The University of Arizona
Sex, Race and Globalization Project
presents:

*Queer  Imaginaries*
April 16-17, 2004
Special Collections Conference Room
(conference schedule below)

Queer Imaginaries is a two-day forum which continues to address, but now
also reassess, the fundamental premises and terms structuring our
multi-year, Rockefeller-funded project. Over the last five years, the term
"globalization" has lost some of its charge. The state is a more forceful
and complex determinant of social formations than the literature on
globalization would have predicted and shifting configurations of race and
sexuality are still deeply dependent on geo-political demarcations. These
last five years have also revealed the increasing appropriation and
circulation for capital accumulation of an array of "communal" --sexed,
gendered, racialized--identity formations by transnational NGOs and
multilateral organizations such as the World Bank. Queer Imaginaries,
then, seeks not only to explore how supranational structural forces work
themselves out as differently scaled and situated social actors confront
those forces through local practices and identity formations but also to
take particular account of the nation-state's role in shaping such
practices and identities.

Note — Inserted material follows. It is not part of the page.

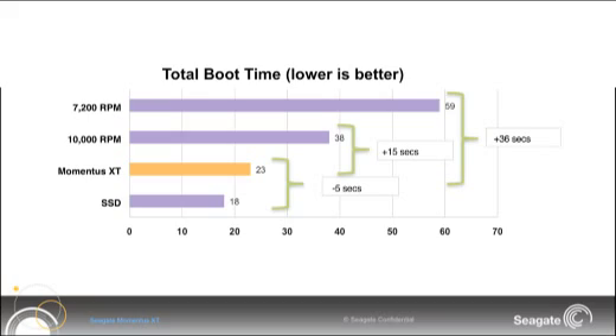However, the Momentus XT was only 5 seconds slower than the SSD, and it was a whole 15 seconds faster than the 10k gaming drive. And overwhelmingly, it was 36 seconds faster than the regular notebook 7200 RPM drive. So the bottom line is the solid state hybrid drive is only seconds behind the SSD and at a quarter of the cost.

In addressing these issues, we will foreground
explorations of how queers figure, and are figured in, representations of
the imaginary relations of subjects to these multi-scaled social forces.
By focusing on the politics of representation--in contexts ranging from
theatrical performances to the political activism of NGOs--we hope to open
up interdisciplinary methodologies, cutting across the usual divisions
between the cultural, the political and the economic.

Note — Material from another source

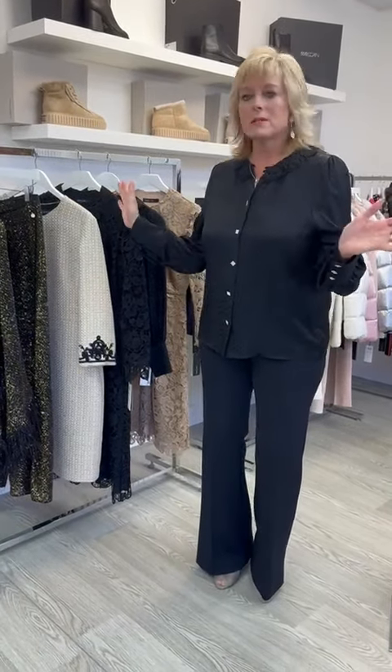Hi girls, welcome to part two of our fantastic Leo Finesse collection from Mark Kane. As promised, it's a continuation from yesterday. I'm surrounded by glitz and glamour.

The Sex, Race and Globalization Project is sponsored by the University of
Arizona Committee on Lesbian, Gay, Bisexual and Transgender Studies and is
made possible by a grant from the Rockefeller Foundation and matching
funds from the UA Vice President for Research. We are very grateful to the
following University of Arizona centers and departments for their support
of this conference: Women's Studies Department, Udall Center for Studies
in Public Policy, Center for Latin American Studies, English Department,
Anthropology Department, Geography Department, Department of Spanish and
Portuguese.

CONFERENCE SCHEDULE:

Friday, April 16th

9am Coffee and Pastries

9:15am Welcome and Introductions
Miranda Joseph, Director, Sex, Race and Globalization Project

9:30am-Noon On the Limits and Possibilities of Queering
Sandra Soto, moderator

Antonio Viego
"The Invert Is an Historian of the West"

Neville Hoad
"Decolonizing the Body: Race, Africa and African America in Wole Soyinka's
The Interpreters"

Darieck Scott
"A Politics of Black Bottom-ing: Samuel R. Delany's Mad Man and Lusting
for the N-Word"

Peter Chua
"Globalizing Sexualities, Sexing Global Projects: Critical Questions,
Divergent Interests"

Noon-1pm Lunch (provided)

1-3pm Performative Interventions and Queer Expressions
Javier Duran, moderator

Guillermo Nunez Noriega
"Male Intimacy in Northern Mexico: A Field to Research"

Laura G. Gutierrez
"Queer Medi(t)ations: Ximena Cuevas's Transnational Performative
Interventions"

Amy Sara Carroll
"Specters of Freud in Contemporary Mexican Lesbian Cultural Production"

3:15-4:15pm
Carmelita Tropicana
"America: Above the Fruited Plains"


Saturday, April 17th

9am Coffee and Pastries

9:30am-Noon Activism, Citizenship and Perversion
Caren Zimmerman, moderator

Marcia Ochoa
"Perverse Citizenship: Divas, Marginality and Participation in
'Loca-lization'"

Maylei Blackwell
"Mapping the Politics of Desire: Transnational Lesbian Organizing in
Mexico and the U.S."

Nishant Shahani
"Interrogating the 'Specifically Female': Towards a Performative Analysis
of Indian Feminism"

Ashley Tellis
"NGOs and the Future of Activism"

Noon-1pm Lunch (provided)

1-3pm Queer/ing Objects and Spaces
Dereka Rushbrook, moderator

Richard T. Rodriguez
"When the Bar Becomes Home: Capitalism, Kinship, and Queer Latino/a Space"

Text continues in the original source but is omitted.